Saved data entries:
□ □ □ □ □

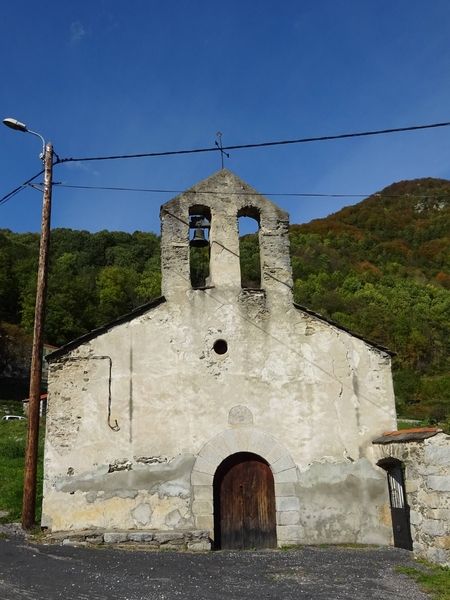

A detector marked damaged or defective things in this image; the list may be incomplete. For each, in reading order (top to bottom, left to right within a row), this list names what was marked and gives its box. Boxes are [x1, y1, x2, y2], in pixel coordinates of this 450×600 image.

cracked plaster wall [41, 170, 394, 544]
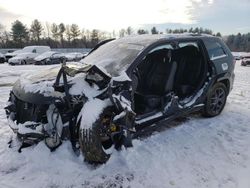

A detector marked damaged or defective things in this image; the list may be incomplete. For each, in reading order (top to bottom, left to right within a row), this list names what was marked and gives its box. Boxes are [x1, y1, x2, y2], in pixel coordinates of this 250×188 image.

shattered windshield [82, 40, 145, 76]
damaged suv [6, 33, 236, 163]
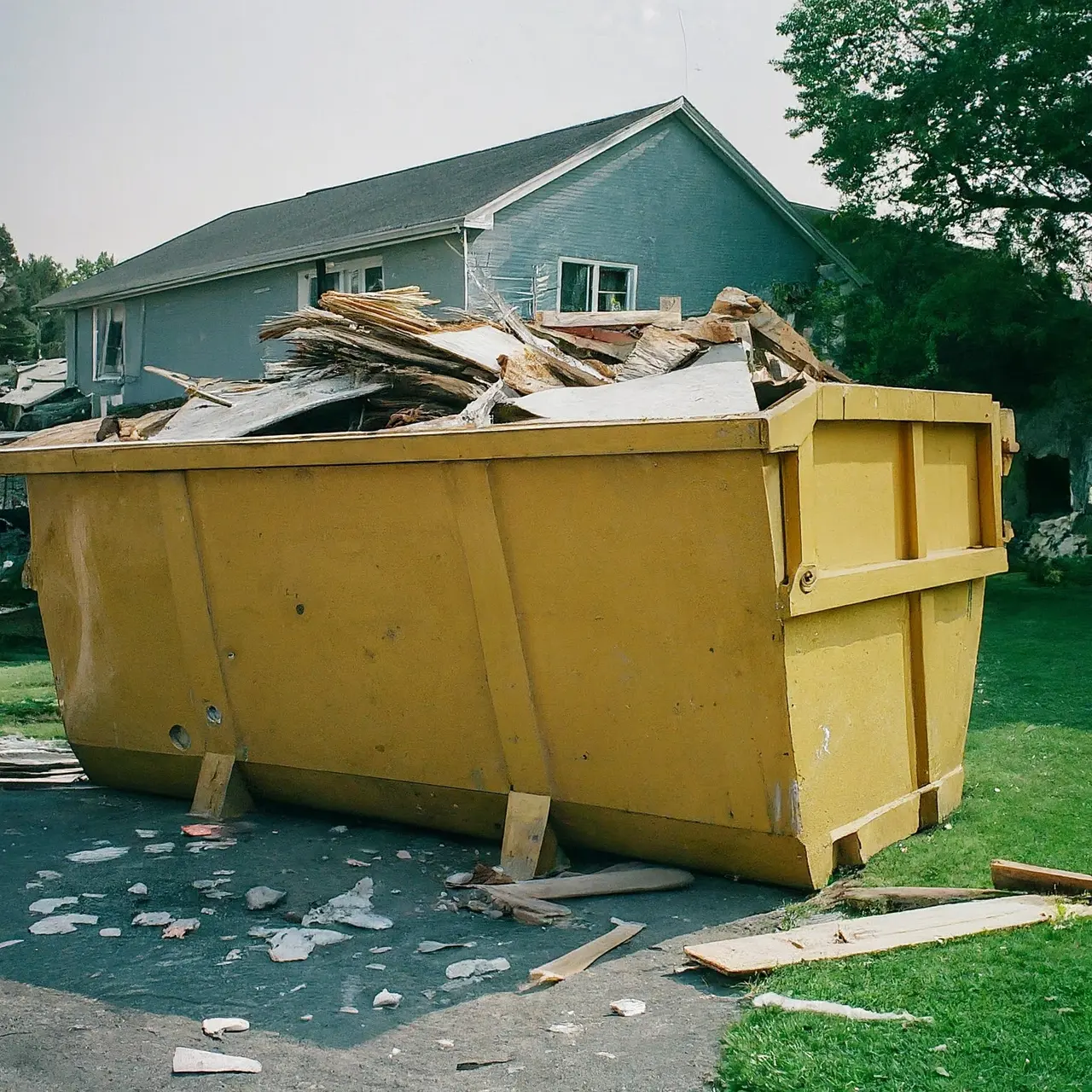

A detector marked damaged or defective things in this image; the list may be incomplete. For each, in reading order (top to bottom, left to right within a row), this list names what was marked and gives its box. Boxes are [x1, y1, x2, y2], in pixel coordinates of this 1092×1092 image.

□ □ □ □ □

Write out every entry above exactly, minus the pictures.

• **Answer section**
A detector marked damaged or defective things in this image; the list may be incomplete. For each, in reading order (top to bottom, left to right within a row), this list names what was marked and gives its box. Boxes are [x1, y1, x2, y2], in pixel coordinates of this 450×600 image.

cracked plaster wall [41, 170, 394, 544]

A detector marked damaged or defective things in this image; the list may be incomplete. For each, in reading order (top to bottom, left to right within a row), this list names what was marked and gives its box. Boxes are [x1, y1, x2, y2], in pixel coordinates of this 250×188 image.

shattered windshield [82, 40, 145, 76]
damaged suv [6, 33, 236, 163]

A detector marked damaged or defective things in this image; the list may be incomplete. For each, in reading order (top to bottom, left to right within a row), this list names what was marked and gives its box. Boxes are [x1, y1, x2, y2], in pixel coordinates of this 1092×1092 image.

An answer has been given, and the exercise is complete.